The records below hold a stretch from the line with "Mirror Sunglasses" through the line with "Edgar Sosa lleva"; return exactly those lines, ends included, and nothing more.

* **SOURCE MATERIAL**
Segment Open
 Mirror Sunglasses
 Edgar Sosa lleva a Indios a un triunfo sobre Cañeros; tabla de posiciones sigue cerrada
Segment Closed
Segment Open
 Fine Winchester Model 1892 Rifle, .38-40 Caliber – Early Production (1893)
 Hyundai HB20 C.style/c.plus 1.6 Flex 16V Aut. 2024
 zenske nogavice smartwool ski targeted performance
Segment Closed
Segment Open
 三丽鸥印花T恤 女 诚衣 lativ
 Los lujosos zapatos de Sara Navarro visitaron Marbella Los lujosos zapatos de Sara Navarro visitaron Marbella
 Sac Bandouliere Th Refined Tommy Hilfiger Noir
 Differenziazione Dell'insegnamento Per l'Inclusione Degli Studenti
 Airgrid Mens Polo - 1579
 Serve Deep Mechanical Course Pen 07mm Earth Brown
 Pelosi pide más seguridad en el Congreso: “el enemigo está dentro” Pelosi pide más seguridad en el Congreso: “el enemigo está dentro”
Segment Closed
* **ANSWER BOX**
 Mirror Sunglasses
 Edgar Sosa lleva a Indios a un triunfo sobre Cañeros; tabla de posiciones sigue cerrada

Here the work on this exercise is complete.